Tuesday, June 15, 2010

A (slightly) definitive map of Manhattan's neighborhoods

Intrepid explorers of Manhattan may find themselves wondering exactly what neighborhood they're in at any given moment, whether it's to geotag a photo (if your latest digital wonder doesn't already do so automatically), correct a geotag (Flickr being an infamous offender) or simply because you don't know but then you wouldn't be very intrepid, would you? Then there is of course the most amusing of all - the person that has no clue but insists on preserving the facade of supreme coolness. As we know, it's decidedly un-cool to ask anyone for anything in the city, let alone what neighborhood you're in.
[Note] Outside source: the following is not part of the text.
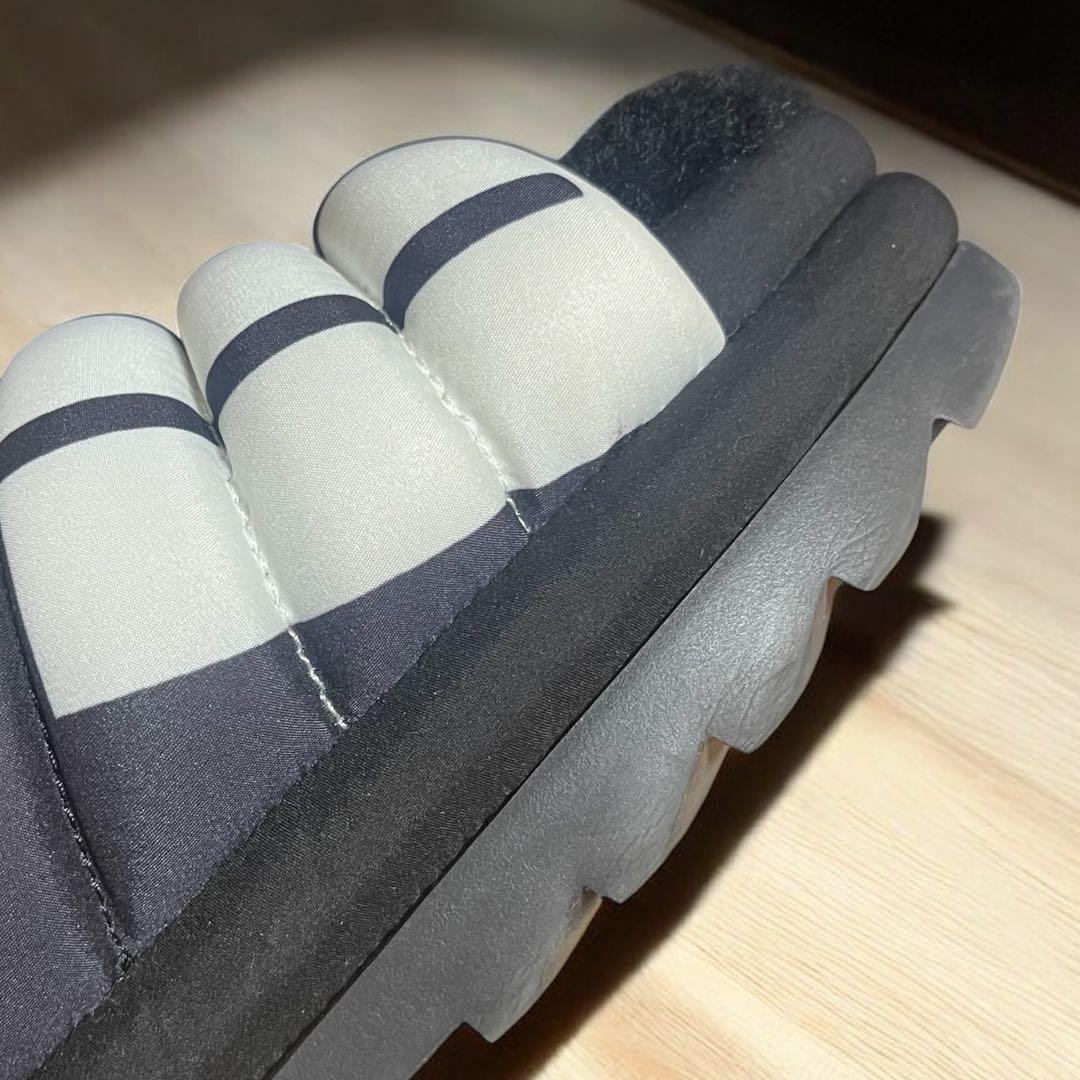 きぃーたぁん様UGG アグ Maxi Slide Logo サンダル 厚底 25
Often asking someone's opinion is only likely to complicate matters as the subject of neighborhood boundaries can be as fraught with peril as asking "Giants or Jets" or worse, "Mets or Yankees." Of course there are the classic, undisputed hoods like the Lower East Side and the West Village but it wasn't always so neat and tidy. In fact, it continues to this day. Neighborhoods expand, contest and re-invent themselves whether in the hearts of their residents or what's officially recognized on paper by the planning committees. What about Queens and Brooklyn, you ask? That's for another post, my friends.

As I have explored this city over the years in photography I am often faced with the dilemma of describing the neighborhood in which they were taken and it's not always easy. My search started a few years ago when I scoured Google images for maps in an effort to get a definitive answer and after seeing many decent (and many mediocre) contenders, I found one that seemed to include the locally-accepted ideas about boundaries and embraced some of the new, blasphemous additions. This is the main point of contention as many of the rabidly-patriotic locals refuse to recognize these "pointless, redundant displays of renewed self-identification by yuppie transplants," as one long-time resident put it. Whether or not you subscribe to this polarized viewpoint is inconsequential as you will soon see because if anything, the map is incredibly good-looking.
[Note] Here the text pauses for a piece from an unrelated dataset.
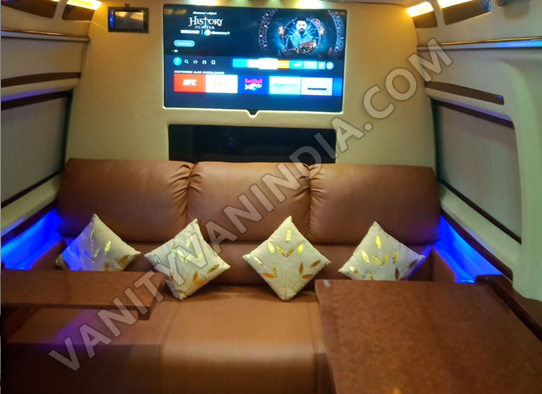 6 seater force traveller on rent in delhil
This dapper map was rendered by artist Alexander Cheek and was once found on his website but it seems Mr. Cheek has moved on to bigger and better things as it has been 404 for some time now.* Not to worry as it will now be hosted here for all eternity (or at least until the end of Blogger). Remember this was completed at the very end of 2006 so for all we know, the fluid nature of the boundaries may now very well make Manhattan's neighborhoods seem a random assemblage of ink puddles instead of the tidy arrangement we all know and love that resembles cuts of beef.
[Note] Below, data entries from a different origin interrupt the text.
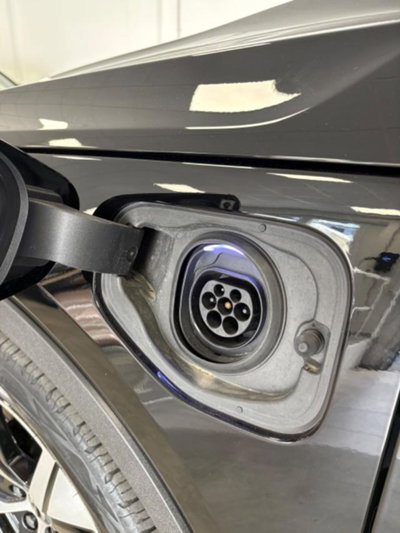 Volvo XC40 T4 Recharge Plug-in Hybrid R-design (15)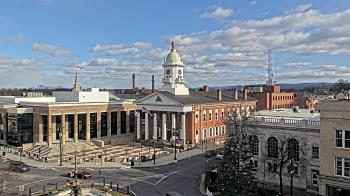 Weather camera view of Franklin County 11-30 Visitors Center.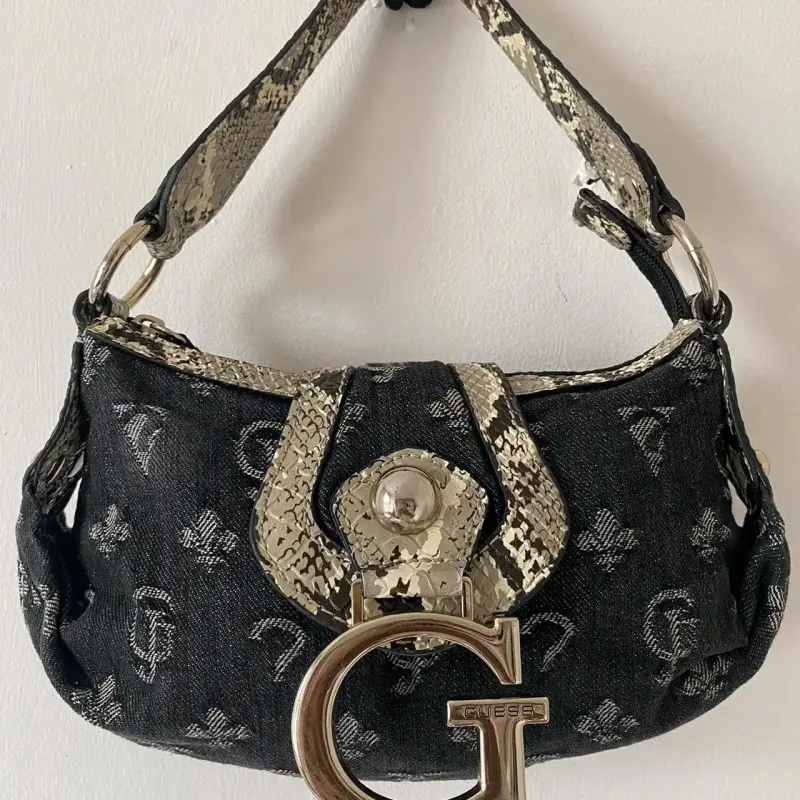 Cartera Guess negra con detalles dorados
*Update (Jun 15, 2010 02:28:30): Apparently the map hasn't been completely 404'd. The current version can be found on his main page and it seems part of him moving on to bigger and better things was his map being featured in the New York Post, albeit uncredited. As if the pun of the Meatpacking District wasn't enough, the updated map includes a new area named Tenderloin. I swear I'm not making this up. Check it out. (It's below Koreatown.)

Too much.

Wednesday, June 9, 2010

Finally, a first post!

Well, I figured it was high time to finally make a post! I have fairly recently re-kindled my love for cycling and, as I do with most of my hobbies, I have started to get quite passionate about it. A couple years ago I bought a GT Calafia at Belitte Bikes in Jamaica, Queens in an effort to relive some of my lost youth. My family always struggled financially when I was a kid so I was lucky to have had the humble bikes I had (namely Huffys). Humble or not, I rode a bike constantly, had a paper route year-round (in the burbs of Seattle) and learned much about bicycle maintenance. Several of the kids in my neighborhood owned Haros, GT's and Redlines and I could never afford one...that is, until I was nearly 30! It was fun for a while. Then I remembered how rough of a ride you got on 20's and having flatland geometry, it was pretty hard on the knees. I ended up selling it on craigslist to a nice guy and his son. This also happened to coincide with my move to Queens which was perfect.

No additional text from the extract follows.